What is an Investment Plan?
An investment plan is a financial blueprint that defines the financial goals of an individual as well as the means to achieve them. It breaks one’s financial goals into time bound goals and ensures that the financial goals are aligned with one’s personal goals.
Short Term Investment Plans
The major objective of short-term investment plans that last for a period of one year is to have capital protection while generating good returns on investment. These investments are highly liquid and they have their specified maturity date to be less than one year.
Why Must One Resort to Investing in 1 Year Investment Plans?
It is a prudent choice to invest in short-term mutual funds instead of choosing to keep his or her money idle as –
- One will have access to liquid funds at the time of emergencies,
- One will face low risks as there is no decrease in the overall investment value by virtue of market returns,
- Short term investments can fetch you some returns
- These funds offer higher transparency and flexibility
- As the corpus is safe and undisturbed even though the interest earned is relatively low.

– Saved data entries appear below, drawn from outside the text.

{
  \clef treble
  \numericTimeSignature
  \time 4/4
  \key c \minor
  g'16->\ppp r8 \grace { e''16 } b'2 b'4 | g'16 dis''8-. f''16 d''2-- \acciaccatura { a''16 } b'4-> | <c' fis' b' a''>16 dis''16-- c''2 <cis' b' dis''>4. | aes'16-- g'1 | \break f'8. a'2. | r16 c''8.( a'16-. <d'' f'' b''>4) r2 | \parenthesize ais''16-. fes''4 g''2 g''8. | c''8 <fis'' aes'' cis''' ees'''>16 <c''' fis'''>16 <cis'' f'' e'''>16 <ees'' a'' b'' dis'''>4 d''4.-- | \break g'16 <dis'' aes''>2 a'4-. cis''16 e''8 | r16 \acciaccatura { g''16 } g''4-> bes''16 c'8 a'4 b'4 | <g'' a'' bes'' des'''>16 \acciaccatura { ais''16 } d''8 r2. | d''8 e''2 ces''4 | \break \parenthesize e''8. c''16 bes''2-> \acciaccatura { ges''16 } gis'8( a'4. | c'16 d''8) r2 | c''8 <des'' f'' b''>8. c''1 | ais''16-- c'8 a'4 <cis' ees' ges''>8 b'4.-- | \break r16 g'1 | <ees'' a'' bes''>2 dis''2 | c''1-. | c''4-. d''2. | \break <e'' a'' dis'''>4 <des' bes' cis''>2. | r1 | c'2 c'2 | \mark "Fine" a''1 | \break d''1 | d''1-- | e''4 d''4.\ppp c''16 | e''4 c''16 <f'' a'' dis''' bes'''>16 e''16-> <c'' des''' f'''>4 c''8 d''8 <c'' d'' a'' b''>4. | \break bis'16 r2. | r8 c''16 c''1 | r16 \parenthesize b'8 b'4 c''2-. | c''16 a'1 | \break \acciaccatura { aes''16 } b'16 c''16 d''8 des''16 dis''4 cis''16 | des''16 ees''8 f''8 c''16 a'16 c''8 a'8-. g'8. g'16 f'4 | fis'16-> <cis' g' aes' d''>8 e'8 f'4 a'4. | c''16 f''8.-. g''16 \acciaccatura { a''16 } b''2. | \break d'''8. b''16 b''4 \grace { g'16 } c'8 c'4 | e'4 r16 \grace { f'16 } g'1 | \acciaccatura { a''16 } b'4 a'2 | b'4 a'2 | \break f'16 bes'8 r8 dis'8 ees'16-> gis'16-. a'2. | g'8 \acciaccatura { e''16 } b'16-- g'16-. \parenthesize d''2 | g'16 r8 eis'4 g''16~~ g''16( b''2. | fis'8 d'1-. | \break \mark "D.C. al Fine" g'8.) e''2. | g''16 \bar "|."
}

Best Investment Plan for 1 Year
In order to derive high returns in a short span of one year, the following investment options can be resorted to –
- Debt mutual funds
Especially created keeping in mind individuals with a low-risk appetite, debt mutual funds are ideal short term, safe investments. These funds offer high returns as the corpus is invested into high-rated corporate bonds, treasury bills and government securities, which have a maturity period of 6 months to one year. It is highly liquid and the units are easily redeemable. These are further categorized as low duration funds and money market funds.
- Arbitrage mutual funds
An open-ended fund, Arbitrage Mutual Funds, place the investors’ resources into subsidiaries and money sections with arbitrage chances of value market. It leverages the price differential that exists in the coin and derivatives market to generate returns. There is low risk on investment, the liquidity is high and the investor has the additional benefit of receiving some tax exemption. It is important to note that it has a 65% exposure to equities.
- Recurring deposits
If one seeks to bring financial discipline into their investments and place a fixed sum regularly with the bank, then recurring deposits are a good investment option. At the end of the tenure, the investor will be given a lump sum amount of the principal plus interest and the interest rates are higher than saving bank account. The investment can be made through online and offline modes.
A secure plan to get a respectable return, fixed deposits can be made for investment periods ranging from 6 to 12 months. One has the option of choosing month-to-month, quarterly, half yearly, yearly or cumulative interest.
With investments majorly locked into fixed income securities, fixed maturity plans are not impacted by the volatility of the interest rates in the market. The maturity period of this close-ended mutual fund ranges from one month to five years. These are indexed on stock exchanges and the liquidity is low. The gains made may be taxed at 20% with indexation benefits if it is on profits for more than 36 months.
- Post office term deposits
With the rate of returns being fixed by the government on a quarterly basis, post office term deposits guarantee the investor a respectable return on investment. The interest is paid out annually and premature withdrawal is not allowed prior to completion of 6 months.
An open-ended debt fund, liquid funds are low risk mutual funds that offer the investor a return of 7 to 9%. These liquid funds invest in money market instruments such as term deposits, commercial papers (CP) and T-bills, and have a maturity period ranging from 3 to 6 months. The returns provided are higher than even fixed deposits and hence, these are an attractive option for the investor to invest in. But this mode of investment is not devoid of tax implications.
One has the option of choosing between market-linked investment options and fixed income options. A judicious mix of the two will prove to be more profitable than putting all the eggs in one basket. Invest smartly, keeping in mind your financial objectives, time horizon, and risk level, to make the most of what you have!
Frequently Asked Questions
- What are the risks involved in investing for a period of one year?
Market-related risks, liquidity risk, concentration risk, horizon risk, and foreign investment risk are the most common types of risks involved while investing for a time period of one year.
- Which mutual fund is ideal for the short term?
Large cap mutual funds are ideal for the short term as they provide high returns.
- What are the investment hazards that one has to be mindful of?
The perils that one might encounter while investing is –
- Impulsive investing with little information at hand,
- Not monitoring the investment once the initial amount has been paid,
- Investing not keeping a clear investment goal in mind,
- Applying shortcuts to gain quicker results and taking undue risk in the process.